In general, we can sometimes fall into the habit of spitting out any and every melodic idea we have available to us. A few things can happen as a result. One of which is that our playing becomes very blocky, due to jumping from one melodic idea to the next without any threads holding them together. Another potential hang-up is that we run out of material pretty quickly in our solos. This is especially a problem on longer forms or ballads. 

Remind yourself that you don’t need to use everything in one go. A more measured approach can yield fantastic results, and just keep things fresher with every pass of a tune or progression. 

2) Develop your ideas 

This one may lead some to think β€œOkay, that’s fairly obvious”, however it’s surprisingly overlooked. A melodic statement can be manipulated in many ways! Let’s take a three note cell, for example. 

You can play different permutations of the idea: forwards, backwards, juggle the notes around in different combinations. 

You can also elongate the rhythms, or shorten them, making the idea more rhythmically dense. 

You can take the idea and put it into different ranges of instrument. 

You can augment or diminish the intervallic structure of the melodic idea. 

You can use the general melodic contour of the melody. For example, High-Low-Middle. Try utilising that general contour but with various notes. 

You can play exclusively with the rhythm of your initial melodic idea. 

You can experiment with the dynamics of your statement. 

Lastly, you can push the same idea through the changes, morphing it to fit the changes in harmony. 

To start with, take one concept and apply it in your practice. Then over time, incorporate maybe 2-3 concepts at a time for a single melodic statement. Try and see how long you can go before you break the pattern!

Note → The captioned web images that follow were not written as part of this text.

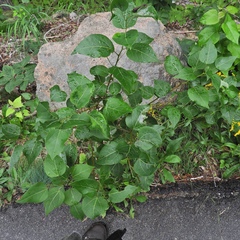 Populus balsamifera balsamifera
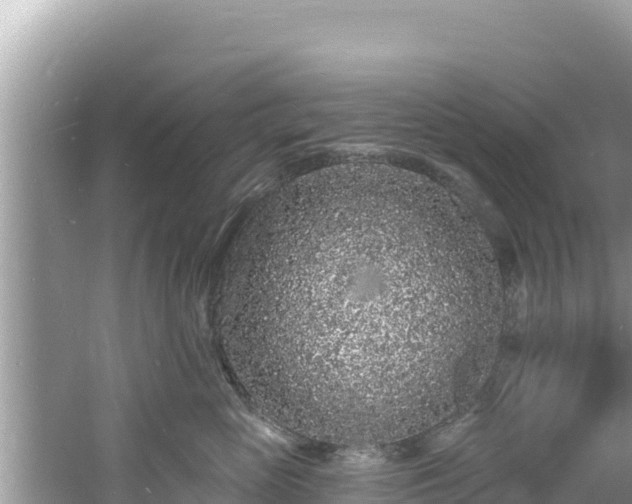 X0000060810765200511171308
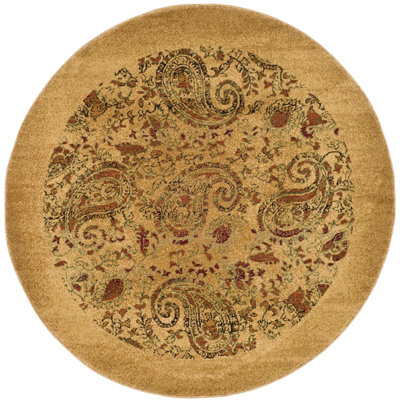 Klose Performance Paisley Rug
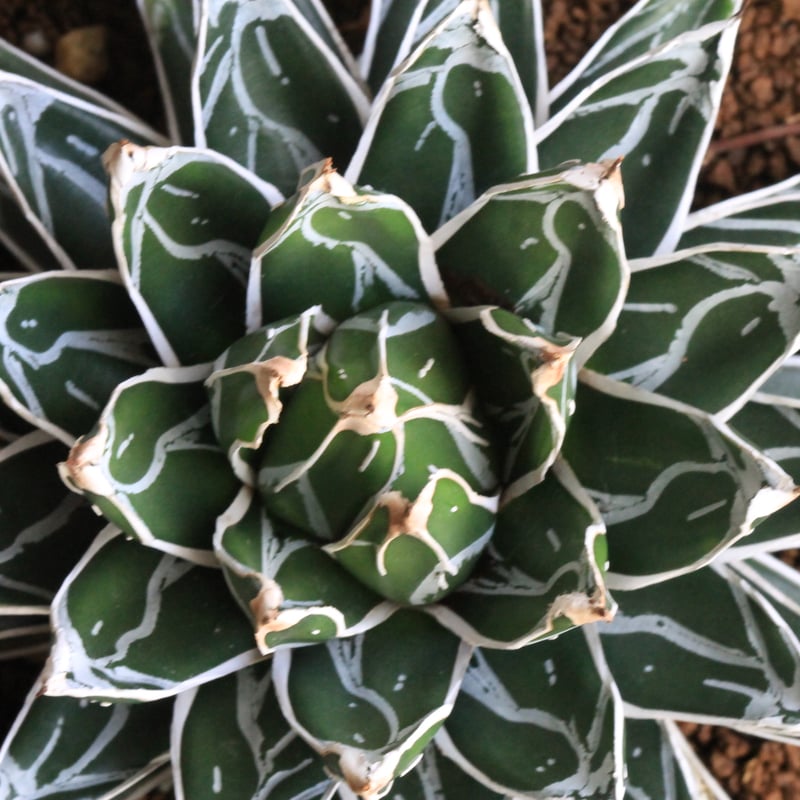 アガベ 姫笹の雪（特ペンキタイプ）② | botanical.shop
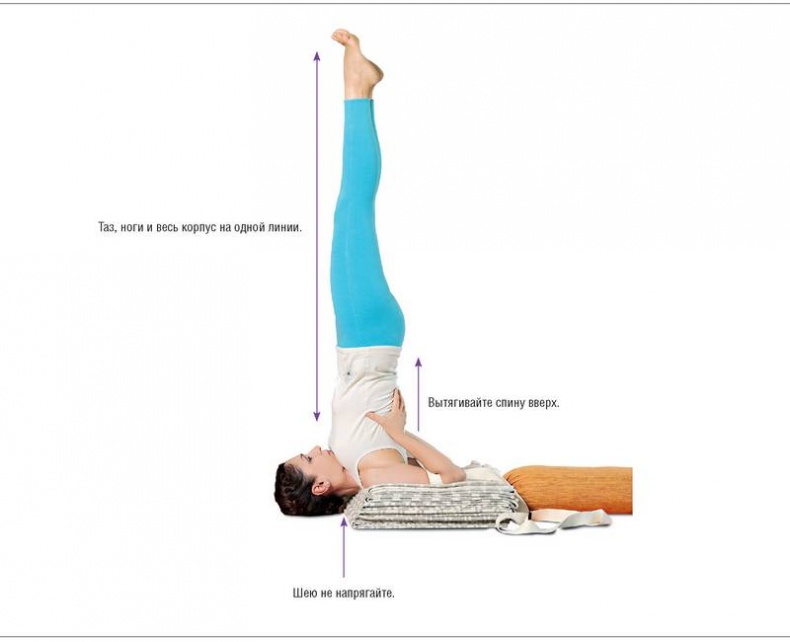 Иллюстрация к книге — Основы йоги. Все, что нужно для самостоятельных занятий [i_034.jpg]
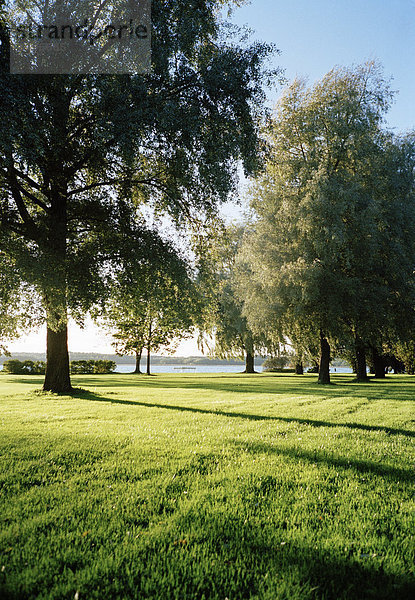 Ein Park  Hamburg  Finnland.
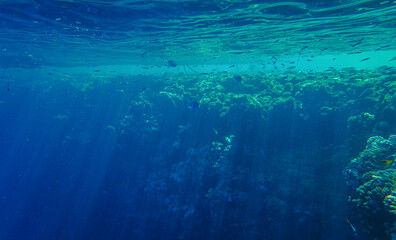 Fototapeta na wymiar underwater photography of fish, diving at Egypt 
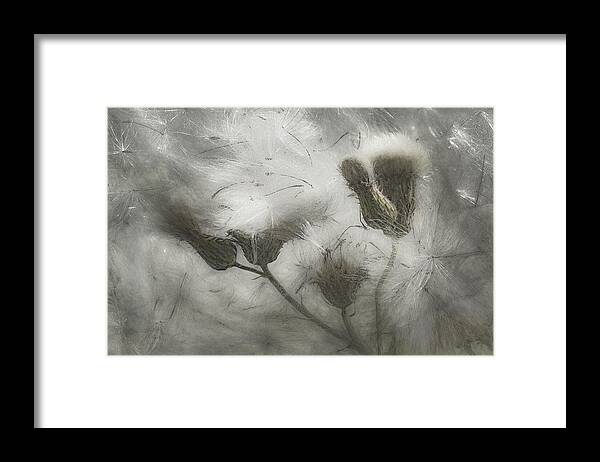 Thistle Framed Print featuring the photograph Thistle Blast by Gilbert Claes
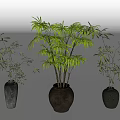 Three Bamboo Bonsai Potted Plants in Black Pots on White Background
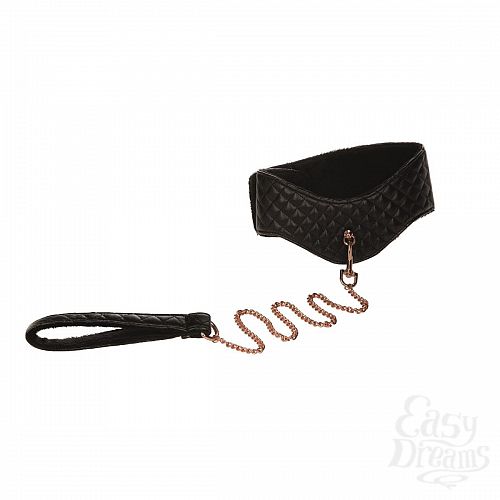 ���������� 1:  ������� � �������� Entice Posture Collar with Leash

Eventually, this becomes more natural to your playing, and you begin to freely improvise in a much different manner. 

3) Think as both a composer/a listener 

This will be the last general pointer I’ll give for now, as the ideas put forward already give plenty of food for thought. In my personal experience, some of the best improvisers I’ve encountered have been great composers. Now there could be a number of reasons for this, but usually, great composers see the greater whole of a piece. As such, they weave between ideas beautifully, and take great care to develop a motif in service of the piece (maybe even calling back melodic statements from many sections ago). Imagine that you are composing your solo…this is essentially improvisation, except done in real-time. 

From a listener’s perspective, I feel that we as musicians often take for granted how quickly we process information. Generally speaking, we as the performers have already processed our idea before playing it…the listener however has not. This even extends to how we process music that we casually listen to! Consider this, and understand that maybe what you consider to be good development in your playing, has in all actuality not really been developed at all due to you simply being in your head and casting ideas out too quickly. 

Imagine yourself inhabiting both of these roles, composer and listener, and you’ll find that some of the above issues begin to slowly fix themselves over time.